- [WHAT YOU ARE ASKED TO DO]: Make an exact copy of the lines from the top of the entries below through the line with "Vân Anh) Tiến". Leave all pictures out.

----------------

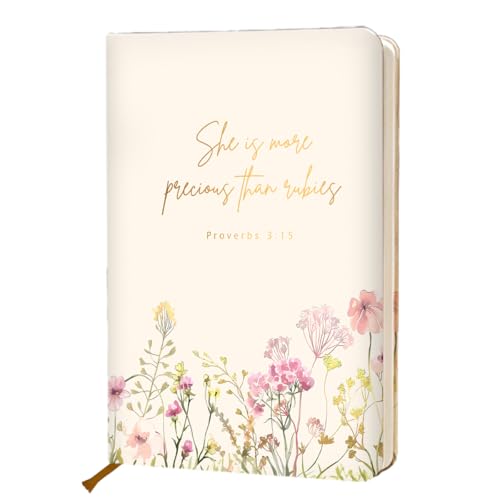Bible Verse Lined Journal Notebook for Women Men, Christian Gifts for Women - color: Multi 0338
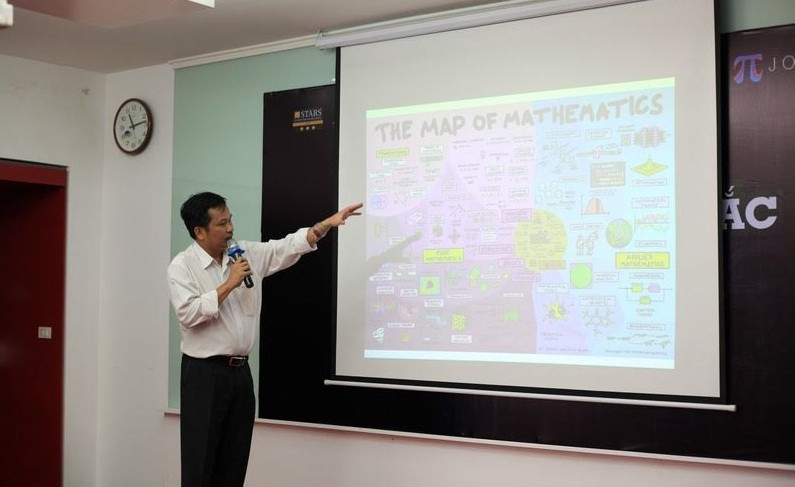 Tiến sĩ Trần Nam Dũng phân tích những cơ hội việc làm cho nhân lực ngành Toán trong thời đại cách mạng công nghiệp 4.0 (Ảnh: Vân Anh) Tiến sĩ Trần Nam Dũng phân tích những cơ hội việc làm cho nhân lực ngành Toán trong thời đại cách mạng công nghiệp 4.0 (Ảnh: Vân Anh)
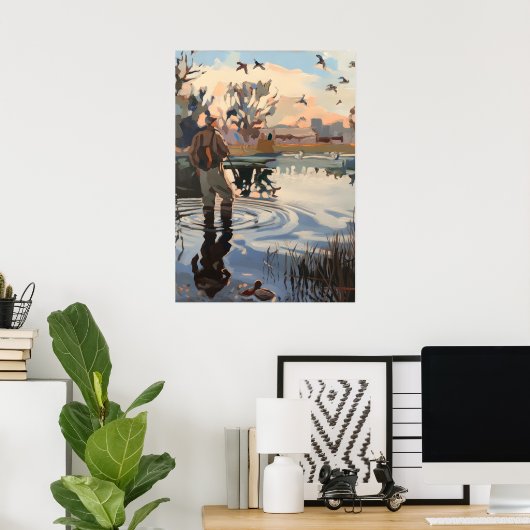 Jäger der Jagdsaison Poster (Heimbüro)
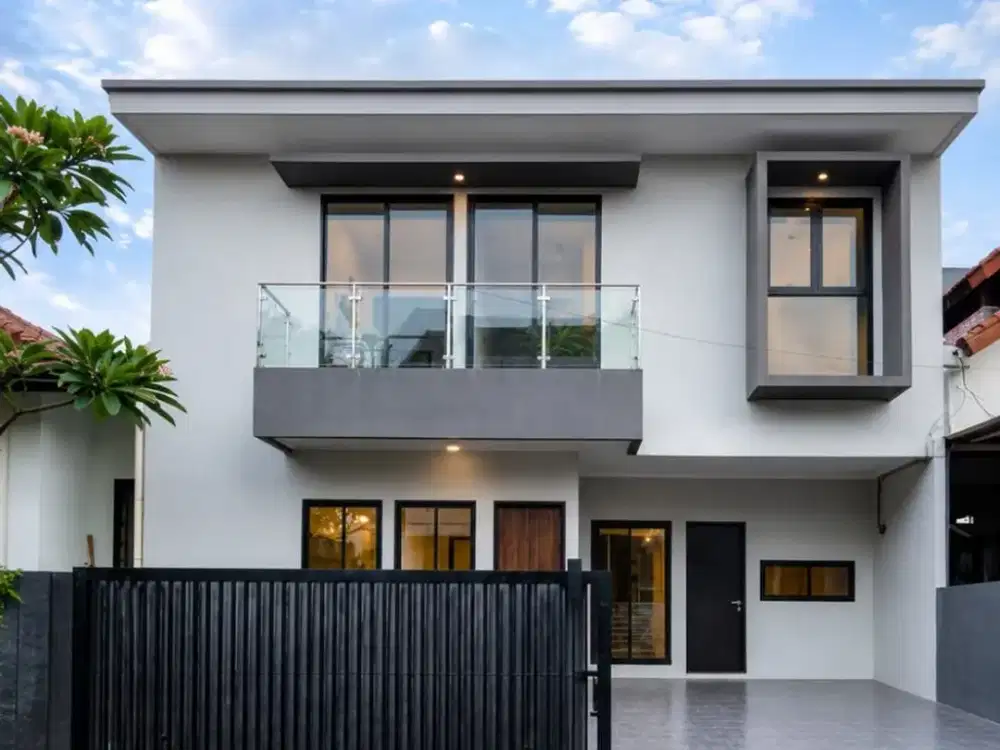 Rumah  modern minimalis 2 lantai lokasi strategis di bintaro jaya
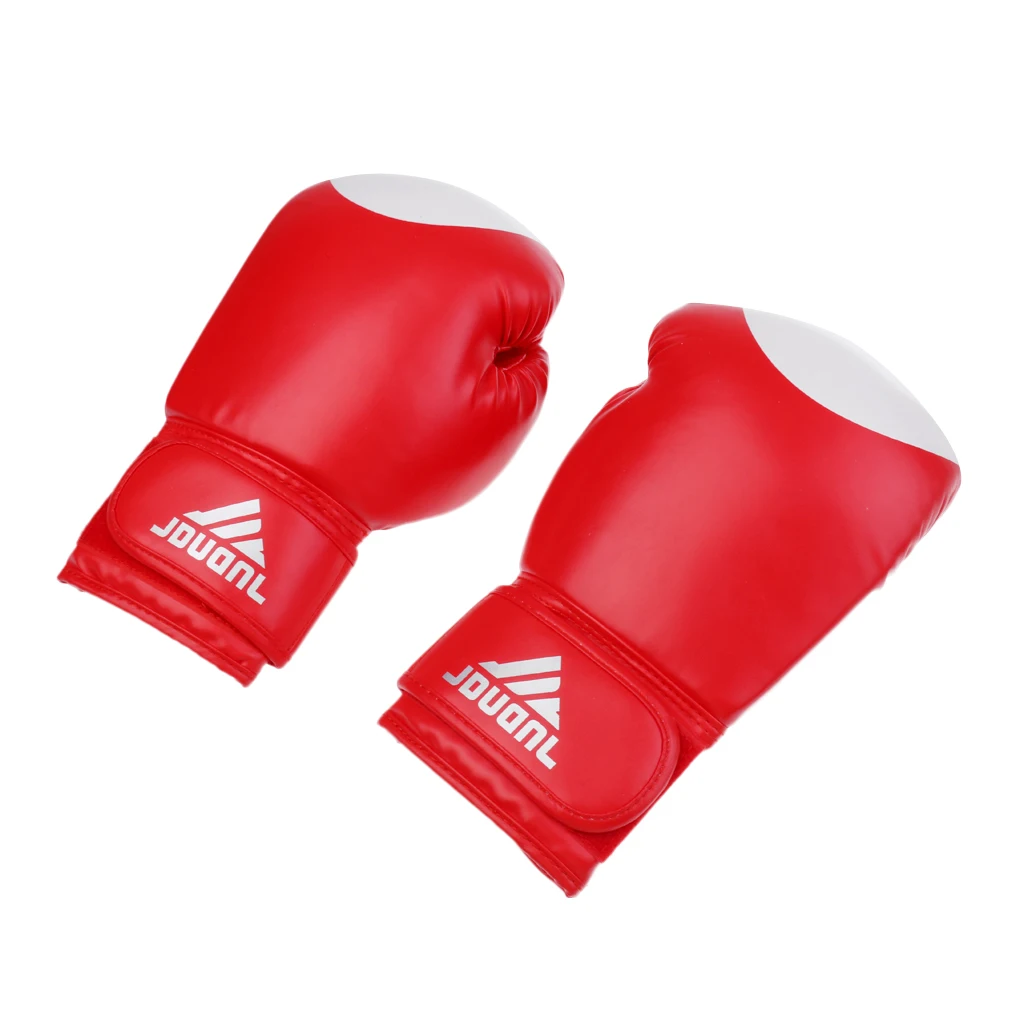 1 пара боксерских перчаток из искусственной кожи MMA Muay Thai пробивая тренировочный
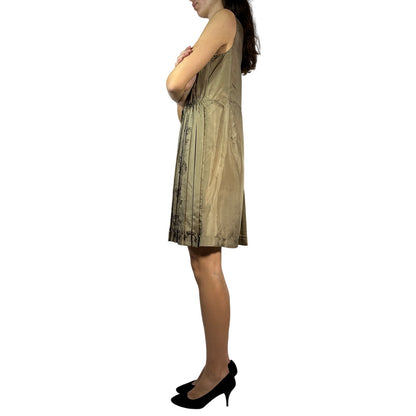 ALBERTA FERRETTI Pleated Silk Dress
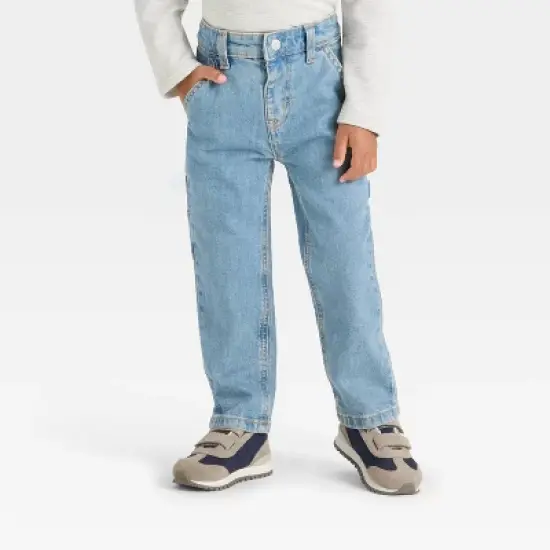 Toddler Boys' Denim Pants - Cat & Jack&trade; Medium Wash image {3}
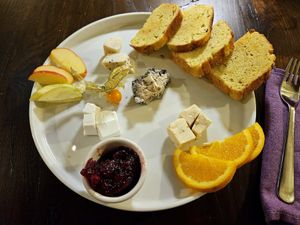 Cheese platter at Tisch in Vienna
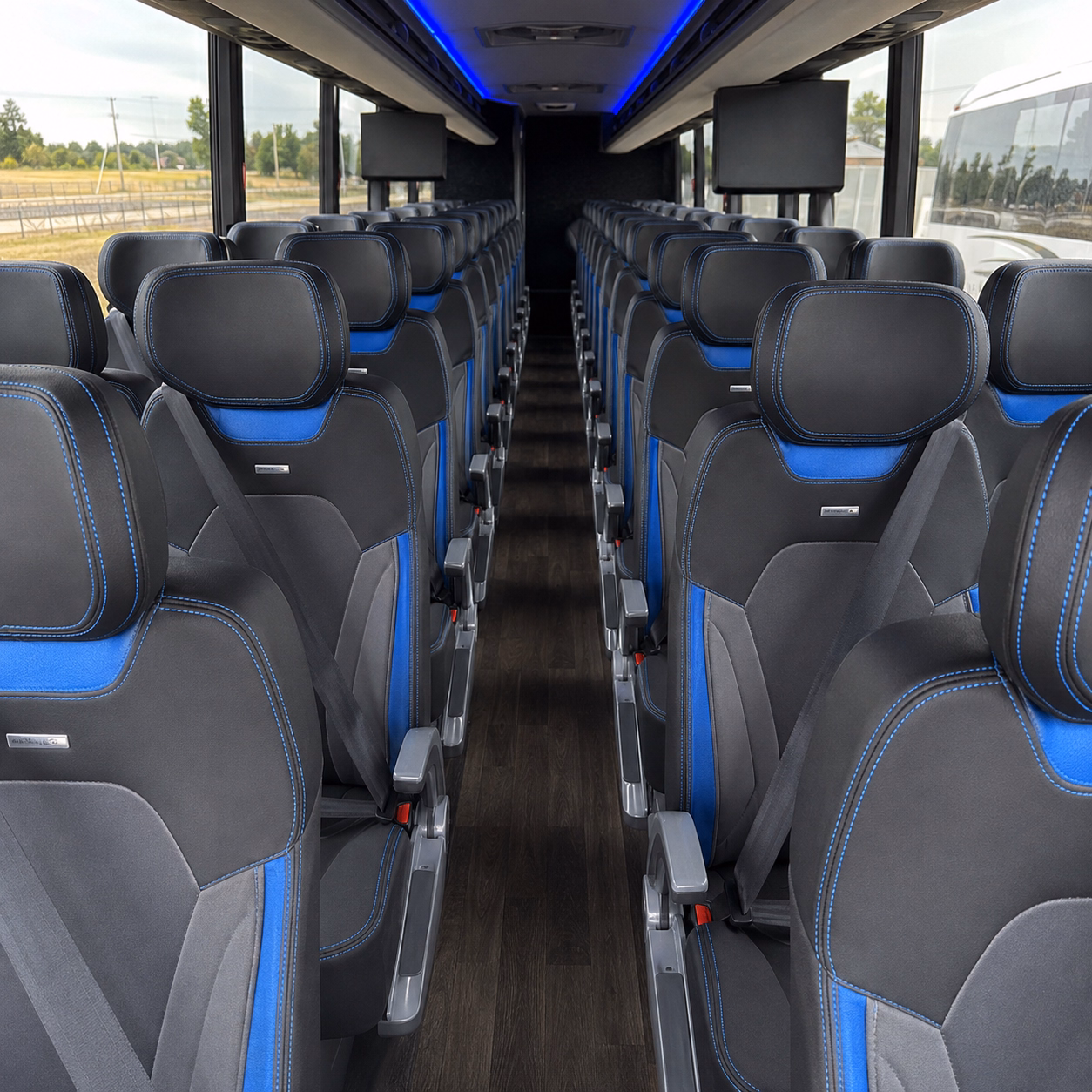 hamden religious group transportation onboard seating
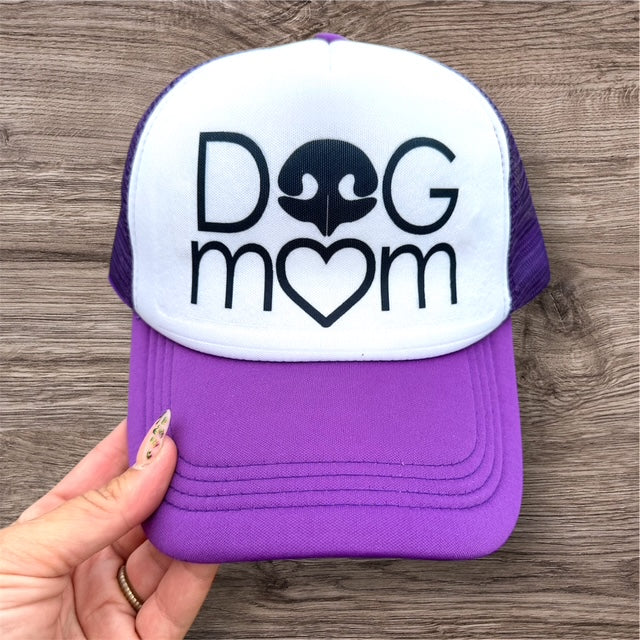 Trucker Hat - "Dog Mom"
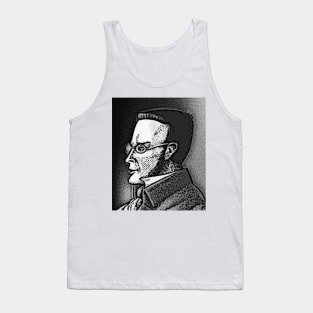 Max Stirner Black And White Portrait | Max Stirner Artwork 15 Tank Top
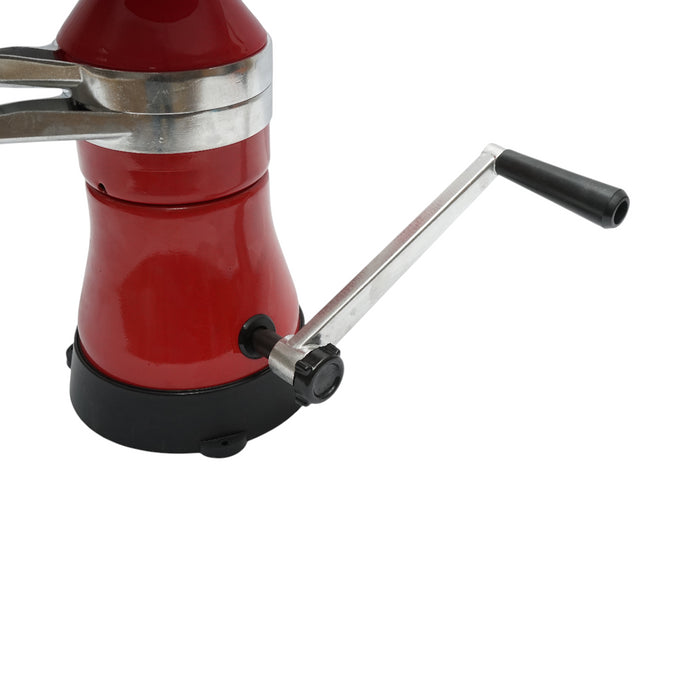 Separatore di panna dal latte o per scrematura manuale, recipiente in alluminio da 5L, capacità 80L/h.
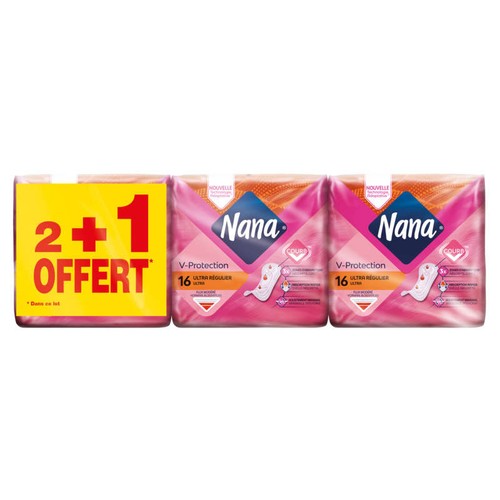 Nana serviettes hygiéniques ultra régulier x48 (2+1 gratuit)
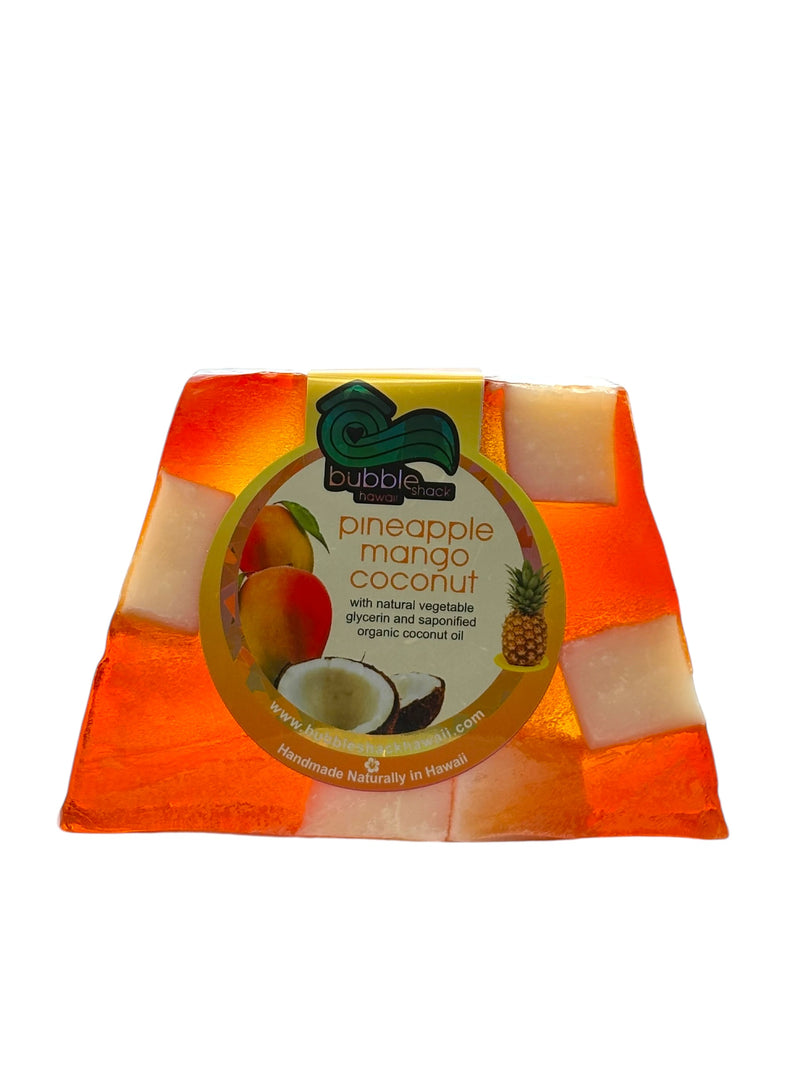 MADE IN HAWAII. Pineapple Mango Coconut Chunk Soap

----------------

- [RESULT OF THE TASK]:
Bible Verse Lined Journal Notebook for Women Men, Christian Gifts for Women - color: Multi 0338
 Tiến sĩ Trần Nam Dũng phân tích những cơ hội việc làm cho nhân lực ngành Toán trong thời đại cách mạng công nghiệp 4.0 (Ảnh: Vân Anh) Tiến sĩ Trần Nam Dũng phân tích những cơ hội việc làm cho nhân lực ngành Toán trong thời đại cách mạng công nghiệp 4.0 (Ảnh: Vân Anh)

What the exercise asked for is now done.